Tuesday winds in Tantallon bring “dangerous” fire risk, officials warn | News | Halifax, Nova Scotia | THE COAST
Halifax Fire deputy chief David Meldrum speaks with reporters the morning after a blaze tore through Upper Tantallon and Hammonds Plains on May 28, 2023.

Tuesday winds in Tantallon bring “dangerous” fire risk, officials warn

A Tantallon-area fire has displaced more than 16,400 Haligonians, and all of Nova Scotia is under a fire ban. Meanwhile, the cause of the blaze is still unknown.

Brad George was in the midst of his weekly Sunday clean-up when his Highland Park home began to fill with smoke. He could see it, smell it in the air. He looked out the front window. Ash fell on his lawn. Flames licked above the trees across the street.

“I could just see this big plume of smoke right outside,” he says, speaking with The Coast at the Black Point & Area Community Centre on Monday morning. “I just started grabbing what I could and went outside, started putting stuff in the car. My neighbours were all doing the same thing.

“Everybody was just kind of in agreement to get out of there as fast as we could… But it was a real logjam to get out of there.”

George isn’t sure how much, if any, of his house will remain when he’s allowed to return. Not that he knows when he can return, either. He’s one of roughly 16,429 Haligonians who have been forced to evacuate after a growing wildfire in the Upper Tantallon region prompted more than a dozen schools to close and the HRM to declare a weeklong state of local emergency. Fire crews have arrived from Hantsport, Brooklyn, Windsor and West Hants to battle the blaze. Two water bomber planes have flown in from St. John’s, NL.

In George’s 12 years in the neighbourhood, he’s never seen anything like it.
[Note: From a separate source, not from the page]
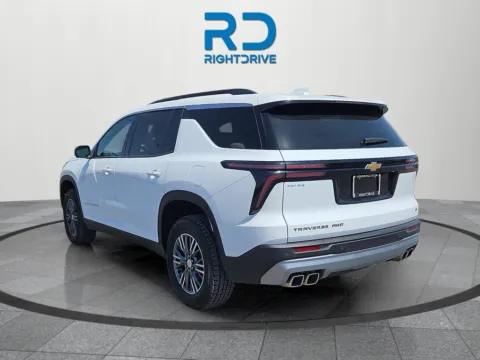 More photos of 2024 Chevrolet Traverse LT at RightDrive - 9315 Montana, TX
As subdivisions go, he says, it’s normally wet this time of year.

“I mean, there’s little lakes and ponds, like a lot of neighbourhoods around here,” he says. “It doesn’t seem like there would be that big of a fire risk—but obviously, it doesn’t take much to dry things out.”

‘Absolutely a significant challenge,’ deputy chief says

Speaking with reporters on Tuesday morning, David Steeves of the Nova Scotia department of natural resources says southwesterly winds and warmer temperatures could present a “dangerous" situation for dousing the flames that have spread from Upper Tantallon to Pockwock and Hammonds Plains.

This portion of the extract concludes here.